No final do ano de 2016 fui desafiada por uma amiga minha, a Margarida Martins (osteopata), a participar num evento anual promovido pela Liga Portuguesa Contra as Doenças Reumáticas (LPCDR) - Prémio Edgar Stene 2017 - subordinado ao tema "Time is joint - Joints over time" (O mundo ideal e a realidade: a minha história pessoal).

Confesso que adiei a decisão, pois isso implicaria que teria de expôr a minha vida pessoal, mas como tudo na vida, esta tem me ensinado que não devemos ser extremistas, nem ocultar tudo nem nos expormos em demasia e com base nessa premissa decidi participar no concurso. Não ganhei o prémio mas ganhei algo bem melhor...ganhei leveza por expôr a minha experiência, os meus desafios e as minhas conquistas...E com a esperança de que este texto te sirva de impulso para encarares as tuas mazelas por outro prisma, partilho-o aqui contigo, de peito aberto e com o desejo de que sirva de esperança nem que seja a 1 única pessoa...se assim for, já valeu o tempo!! 


A doença reumática como indicador de mudança!


O meu contacto com a Espondilite Anquilosante(*), outrora desconhecida para mim, começou na adolescência, altura em que qualquer adolescente quer pensar e sentir tudo menos as dores angustiantes de uma doença que não nos permite viver com a plenitude que a juventude impõe.

Foi uma adolescência roubada, mas uma adolescência cheia de sabedoria que me ensinou a grande
lição da minha vida, o empoderamento! Foi com ela que aprendi que sou mais do que a minha dor, foi com ela que aprendi a superar obstáculos e, acima de tudo, foi com ela que aprendi o verdadeiro significado da palavra resiliência (capacidade de lidar com problemas, superar obstáculos ou resistir à pressão de situações adversas sem entrar em surto psicológico).
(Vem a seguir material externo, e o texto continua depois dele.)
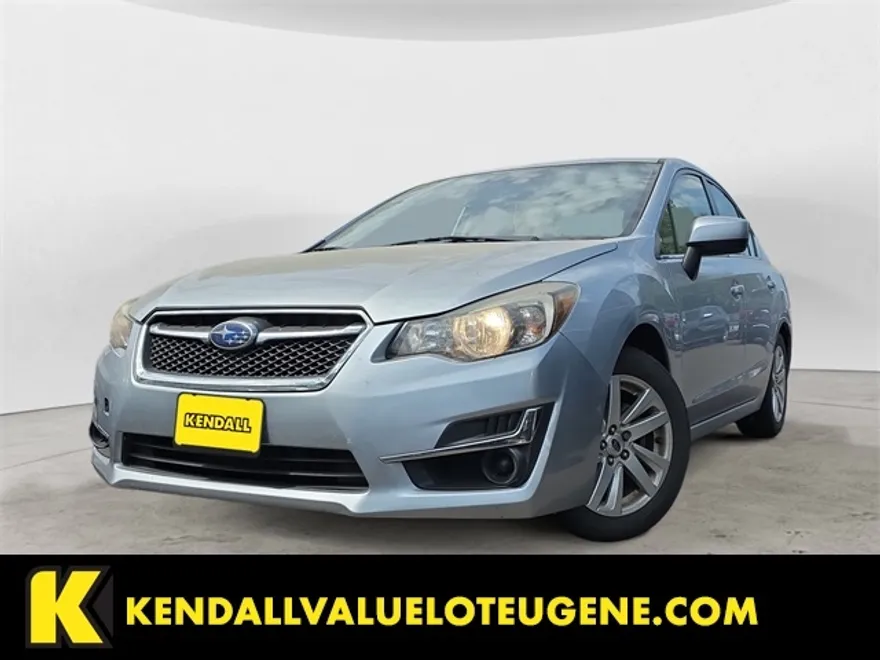 2016 Subaru Impreza 2.0i Premium photo 1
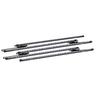 Light Bar Kit White/Orange (6pk) 6 Pack White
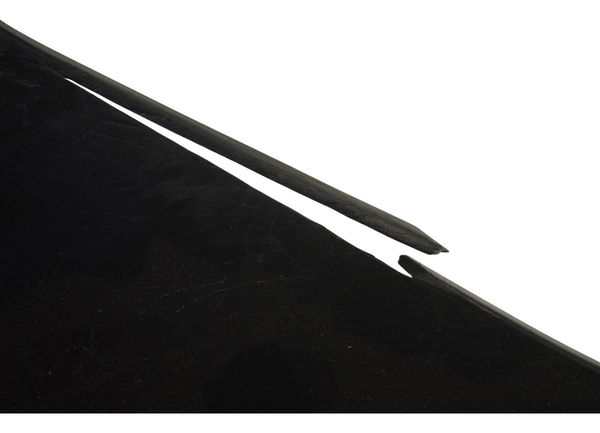 Carenagem Lateral Esq C/ Avaria Kasinski Comet 250 Gtr 11-12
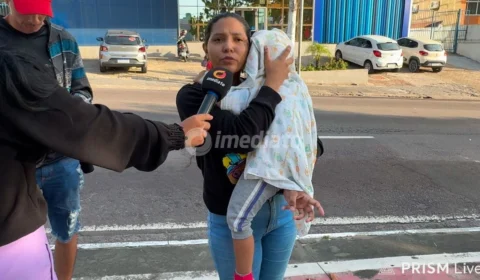 Mãe denuncia falha em entrega de exame e demora no atendimento em hospital particular de Manaus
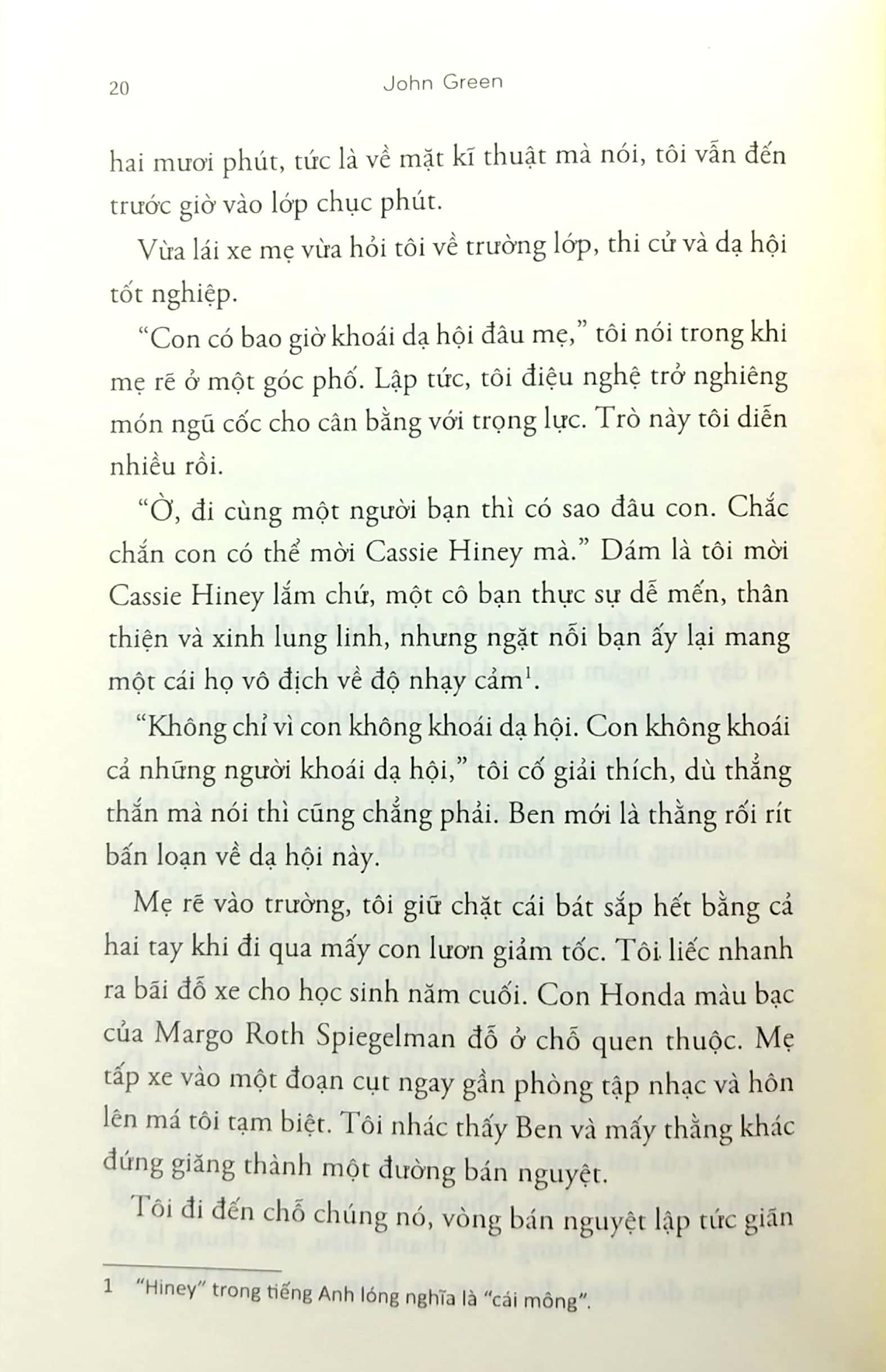 Những Thành Phố Giấy ( Tái Bản )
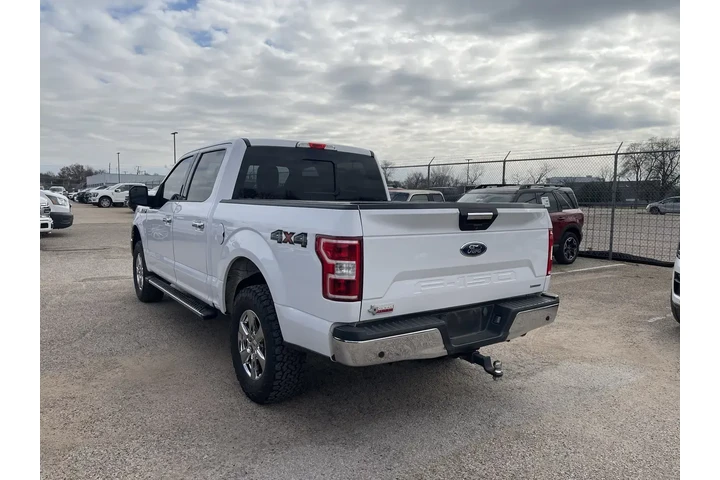 $27059 : Ford F-150 2019 4x4 Platinum image 4
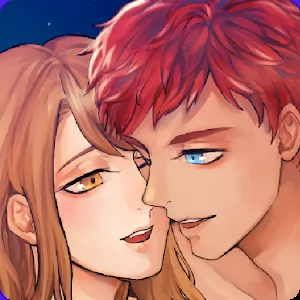 Vampire Lovers Lust and Bite Your Choicesвп - Visual novel with a mystical plot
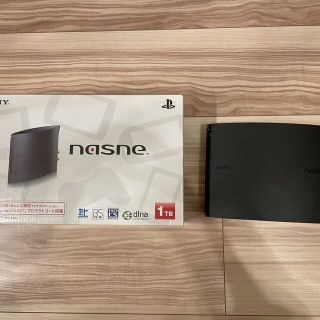 ナスネ(nasne)のnasne(その他)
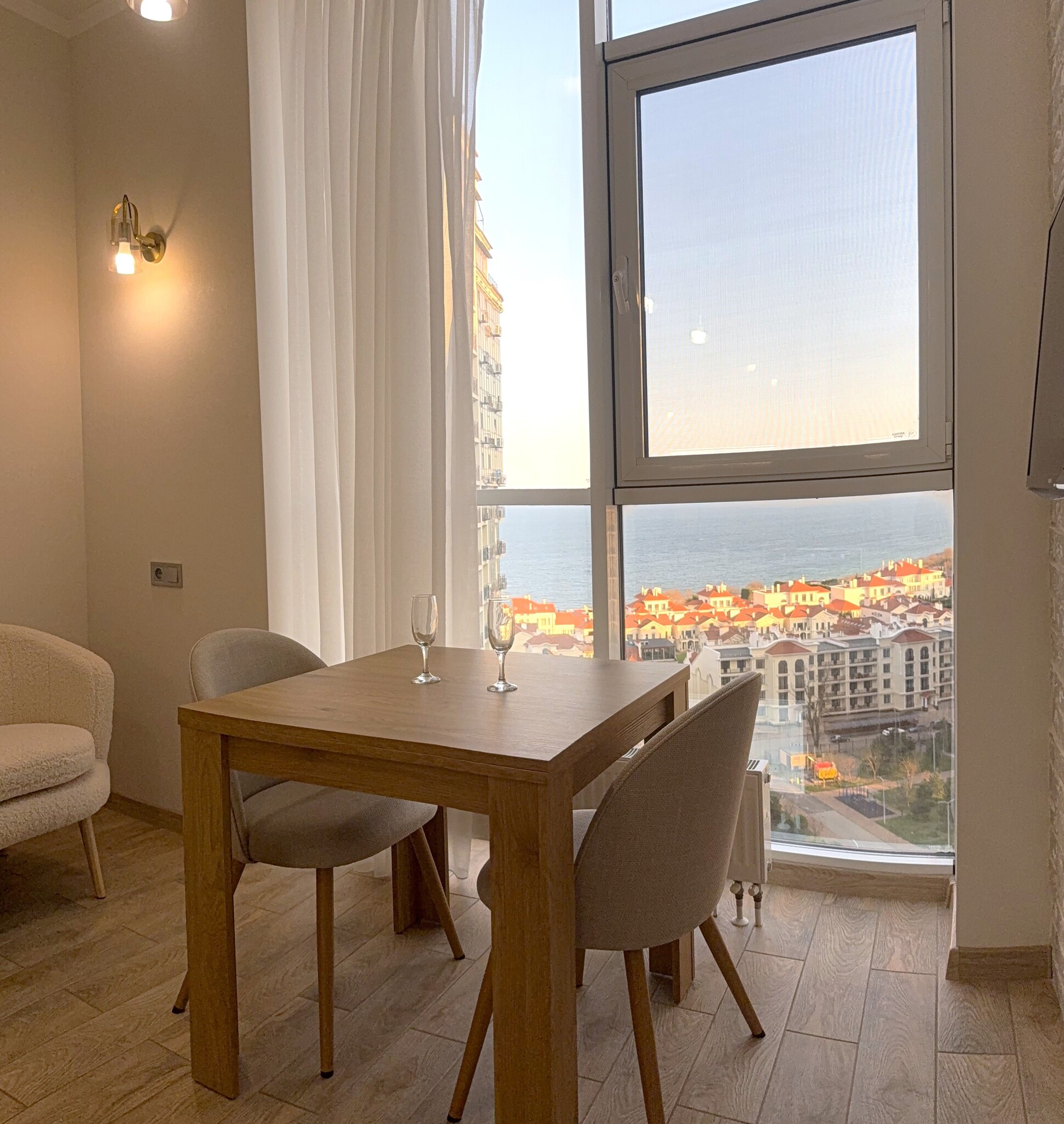 Аренда 1-комнатной квартиры 40 м², Французский бул., 60Б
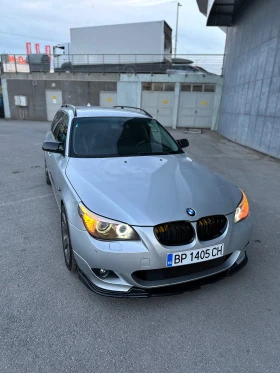     BMW 530 530d lci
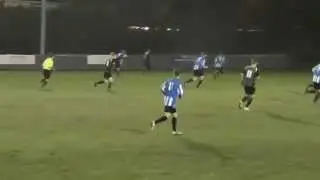 WALSALL SENIOR CUP HIGHLGHTS: Pelsall Villa 0-3 Walsall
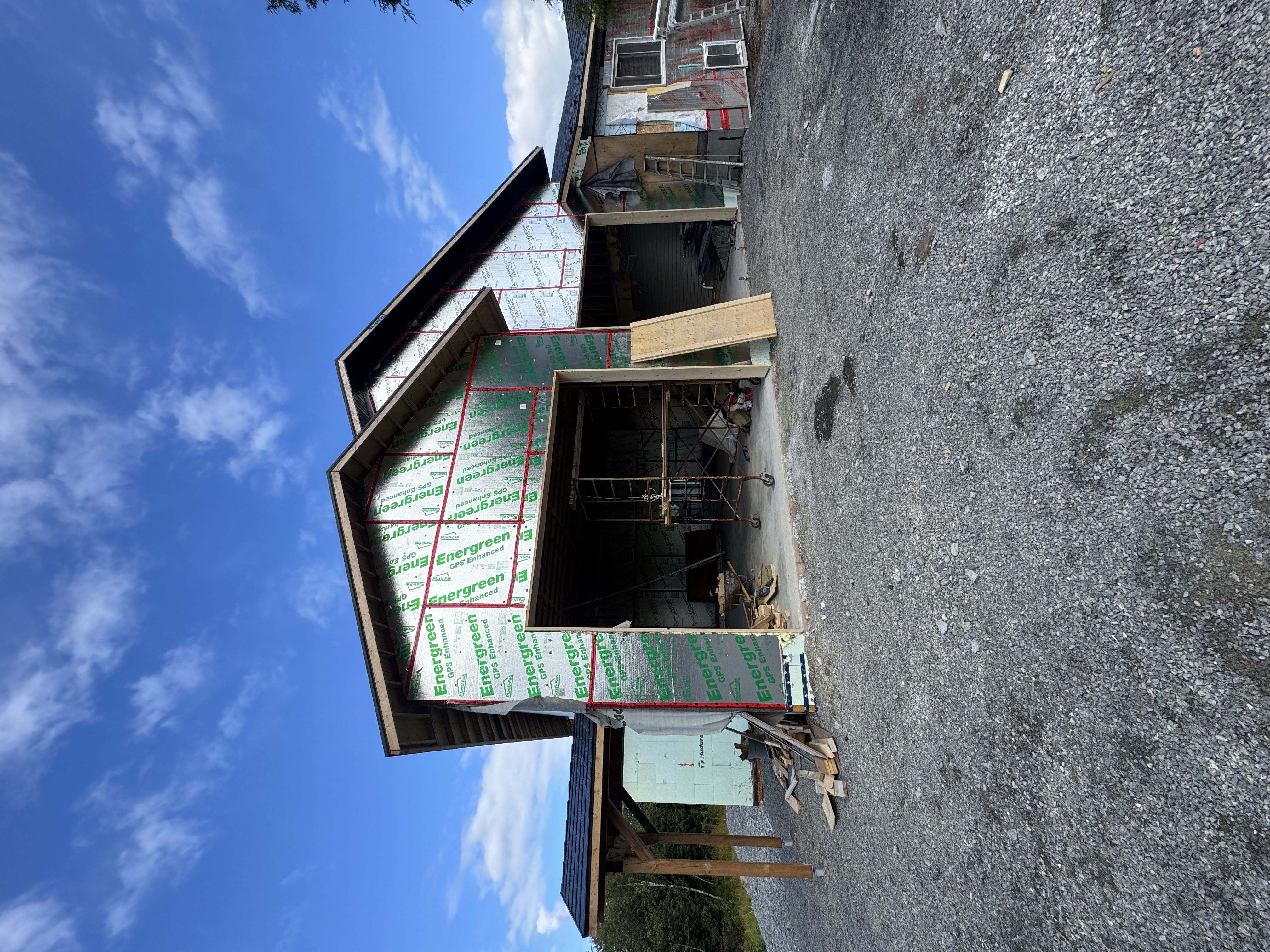 Garson construction work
Tinha eu 15 anos quando me foi diagnosticado um tumor no pé. Entre uma cirurgia aqui e outra ali, a espondilite anquilosante, a minha amiga para a vida, decidiu apresentar-se. Tudo começou com dores persistentes nas articulações, na anca e na coluna, assim como um cansaço extremo, nada adequado a uma rapariga de tenra idade, até se manifestar por autênticos momentos de crise em que não havia centímetro algum do meu corpo que não doesse. Percorri os mais diversos médicos e após vários exames já me falavam em distúrbios psicológicos, pois à exceção dos marcadores inflamatórios (proteína C reativa) nada mais no meu corpo indicava estar errado.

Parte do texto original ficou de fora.